Nesse sentido, é interessante a escolha de Nettel em deixar explícito que Laura demonstra uma espécie de posicionamento “contrário” à maternidade: “Durante anos, tentei convencer minhas amigas de que se reproduzir era um erro irreparável. Dizia-lhes que uma criança, por mais terna e doce que fosse em seus bons momentos, sempre representaria um limite à sua liberdade, um encargo econômico, sem falar no desgaste físico e emocional que traz consigo: nove meses de gravidez, outros seis ou mais de amamentação, frequentes noites sem dormir durante a infância e, então, uma angústia constante ao longo da adolescência” – um tipo de fala que se relaciona, por exemplo, com o ensaio Contra os filhos, da escritora chilena Lina Meruane, onde questões que envolvem a maternidade compulsória, o trabalho e a posição da mulher na sociedade capitalista/neoliberal são discutidas.

Porém, aqui, acredito, está a curva importante do romance de Nettel.
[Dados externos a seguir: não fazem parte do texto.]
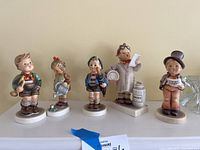Five Hummel figurines shown side by side on a white shelf.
Se iniciamos o livro com uma certa chateação diante de suas afirmações, de certo modo radicais e insistentes sobre o assunto, vemos, no decorrer da leitura, essa postura de Laura diluir-se. Aos poucos, ela vai demonstrando a ambiguidade que gira em torno da decisão de ter um filho e de pensar a maternidade como um caminho possível. Esse aprofundamento nas imprecisões da personagem fica mais evidente quando nos voltamos para a relação que Laura estabelece com o filho de sua vizinha, Nicolás. Os dois vão se tornando amigos, e a narradora desenvolve um afeto pela criança, tentando aumentar o seu bem-estar e confiança com saídas, lanches e conversas. 
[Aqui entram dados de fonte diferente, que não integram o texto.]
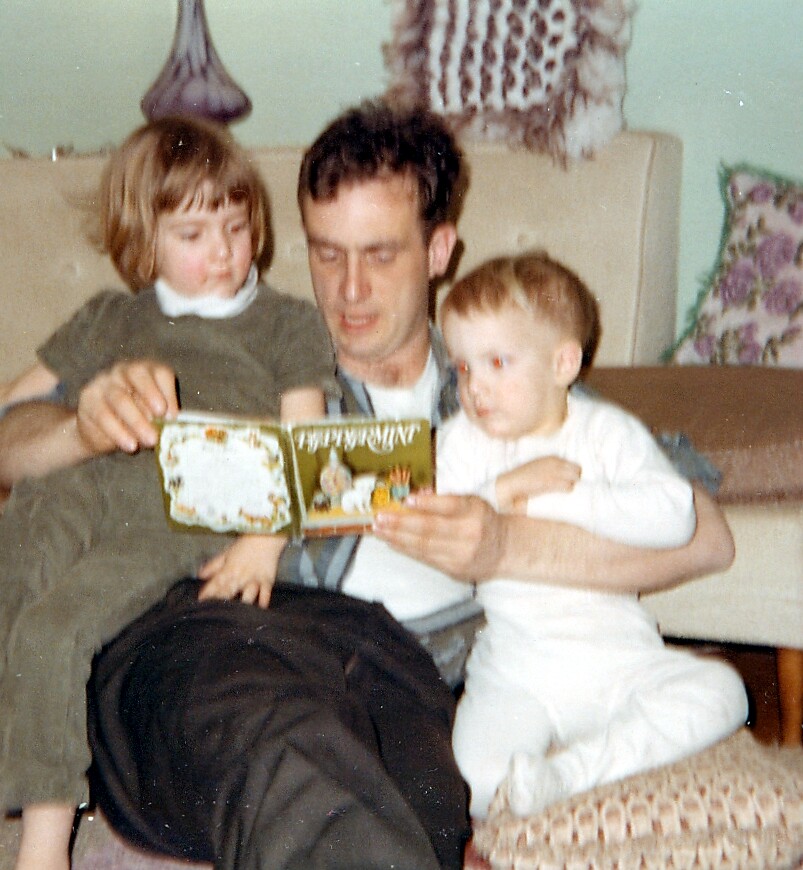 A man sits on a couch reading a children’s book aloud while two kids cuddle close, one on each side.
Diante das dificuldades do garoto com a morte do pai e seus rompantes violentos, Doris entra em uma fase depressiva, permanecendo muito tempo na cama e, nesse momento, Laura e Nicolás tornam-se ainda mais próximos. Também no acompanhamento da gravidez de sua amiga Alina e, depois, na infância de Inés, cheia de adaptações devido ao seu diagnóstico, Laura encontra-se em uma posição na qual faz o que pode para apoiar e ajudar sua amiga, como também para demonstrar o seu amor pela bebê. Assim, a personagem recorre a um exercício constante de empatia, na qual o sujeito mantém-se próximo ao seu desejo, mas também olha para o outro com uma vontade de compreensão das suas histórias e escolhas. 
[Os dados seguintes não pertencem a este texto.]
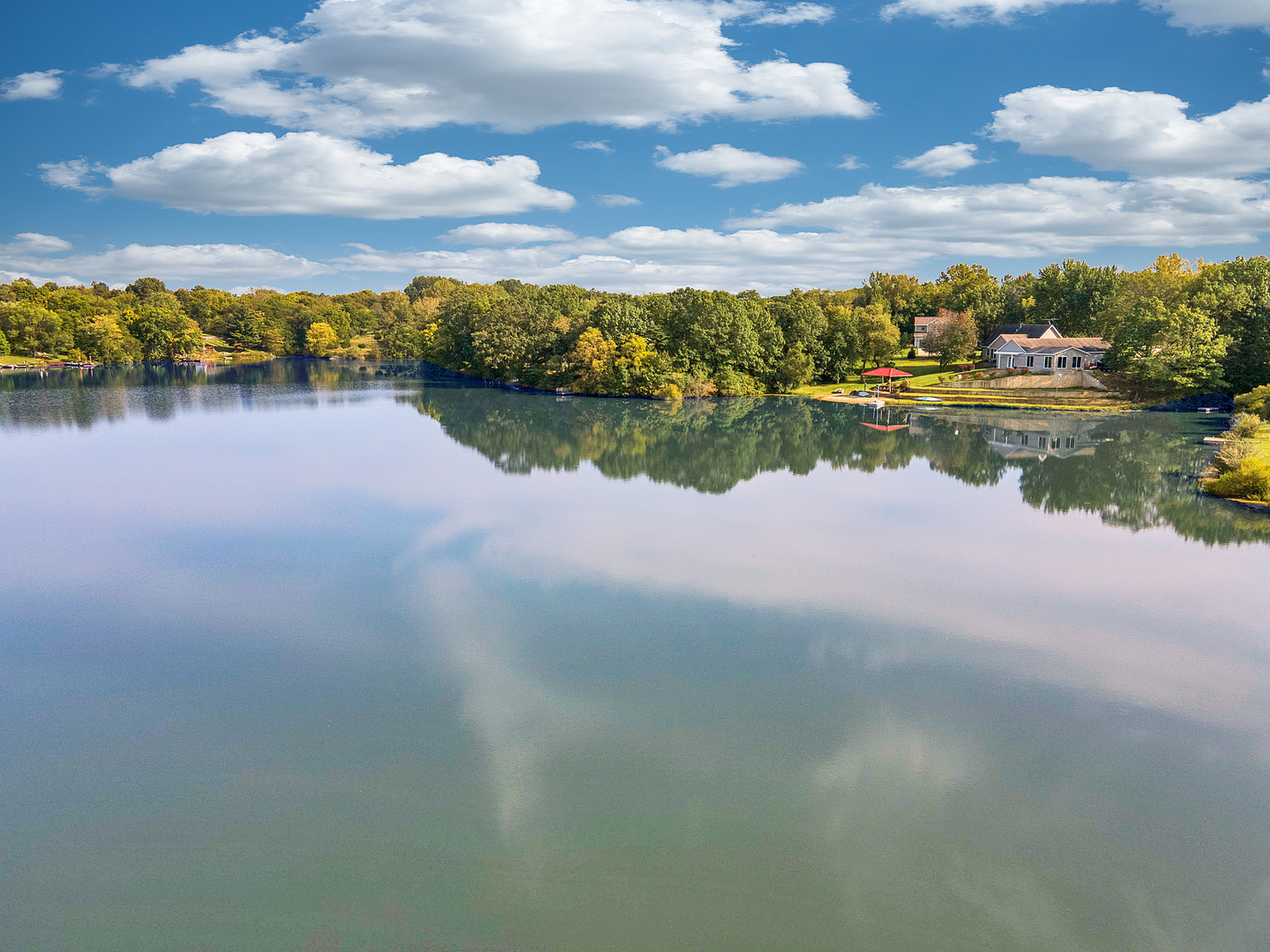 804 Kickapoo Drive Danvers, IL 61732 - Photo 5 of 33 a view of a lake with houses in the back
De certa maneira, o livro de Nettel nos coloca em contato com a ideia da “mãe suficientemente boa”, afirmação do psicanalista inglês Donald W. Winnicott (1896–1971) que distancia a maternidade da figura idealizada da mãe que está pronta para atender todas as necessidades do filho. Diante da presença desse filho, ela se anula, e coloca a criança sempre em primeiro lugar. Assim, as personagens que atravessam a sua narrativa estão em constante questionamento das faltas, vontades, desejos, funções e políticas que envolvem o ser-mãe, em uma sociedade ainda extremamente patriarcal e, muitas vezes, pouco atenta e convidativa às crianças e suas mães. Nos tempos em que bares proíbem a entrada de mães com os seus filhos e que temos um debate acirrado nas redes sociais sobre o que uma mãe deve ou não fazer com seu bebês, A filha única transforma-se também em um espaço que possibilita a chance de alterações, dúvidas e manejos sobre os percursos da maternidade, fazendo com que a literatura seja, mais uma vez, mediadora de mundos e propulsora de gente.